Community turns out to support Jeff Royall
People from Hamptonville and across the area came out July 13 to help raise money for cancer patient Jeff Royall.
The show of support was held at the West Yadkin Fire Department and was aimed at helping Royall pay for his treatments as he prepares for round three of his chemotherapy.
Royall was diagnosed with Stage 4 liver and colon cancer on June 3 after going to Hugh Chatham Memorial Hospital for a self-diagnosed kidney stone.
“While I was there they did the sonogram to make sure that I was correct, but they also found liver legions which was compatible with metastasizing from another cancer. We did the test and did a liver biopsy, and sure enough it came back malignant,” Royall said.
A colonoscopy revealed there was also a tumor in his colon.
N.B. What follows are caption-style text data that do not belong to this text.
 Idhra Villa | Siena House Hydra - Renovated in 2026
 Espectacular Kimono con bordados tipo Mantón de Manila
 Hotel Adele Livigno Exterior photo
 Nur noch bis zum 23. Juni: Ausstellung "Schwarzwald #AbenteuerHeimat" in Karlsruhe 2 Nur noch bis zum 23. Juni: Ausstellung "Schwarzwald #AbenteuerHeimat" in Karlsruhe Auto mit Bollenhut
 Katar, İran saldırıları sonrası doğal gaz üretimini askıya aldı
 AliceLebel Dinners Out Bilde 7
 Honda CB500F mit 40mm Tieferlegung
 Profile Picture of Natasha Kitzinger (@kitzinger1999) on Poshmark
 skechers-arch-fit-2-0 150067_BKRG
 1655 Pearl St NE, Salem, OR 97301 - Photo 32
“So they did the colonoscopy, and I found out that if you have liver cancer there’s always normally a hidden cancer somewhere else,” he said. “I got all of that news on June 3 of this year.”
The fundraiser ran from 4-8 p.m. at the fire department and gave the community a way to help Royall deal with his disease.
“Today we have been overwhelmed with the outpouring of friends, family, the community, loved ones, (and) the band. … I’m just really humbled by the community support,” Royall said. “Cancer doesn’t just affect you; it affects everybody around you. It’s something we all have to fight on a daily basis.”
The band Royall referred to is called Rhythm and includes some Surry County law enforcement officers. They began performing at 4:30 p.m. and entertained the crowd while they played cornhole, ate, or got their faces painted.
Pintos, cornbread, “all the southern ‘fixins’ that go with it,” beef brisket, and desserts were available for a donation Royall said.
The parking lot was filled, and cars lined Highway 21 as well-wishers came to buy plates and make donations. Many wore t-shirts designed to show support for Royall.
The money donated is going toward Royall’s medical bills after his medical leave runs out from his employer, which is the Iredell County Sheriff’s Office.
“I have 480 hours that was donated of sick time left,” Royall said. “That sounds like a lot; it’s good for two and a half months, and I’m very appreciative of getting that. But at that point income will drop to nothing and … I’ll have to start paying medical insurance and things like that myself. So [the donations] are going to be for medical expenses and insurance.”
Other events will be held at later dates, and Royall is in the process of setting up a trust for supporters to donate if they want to donate directly.
“Their prognosis for this disease is not a good one,” Royall said. “I’m not going to be a statistic.”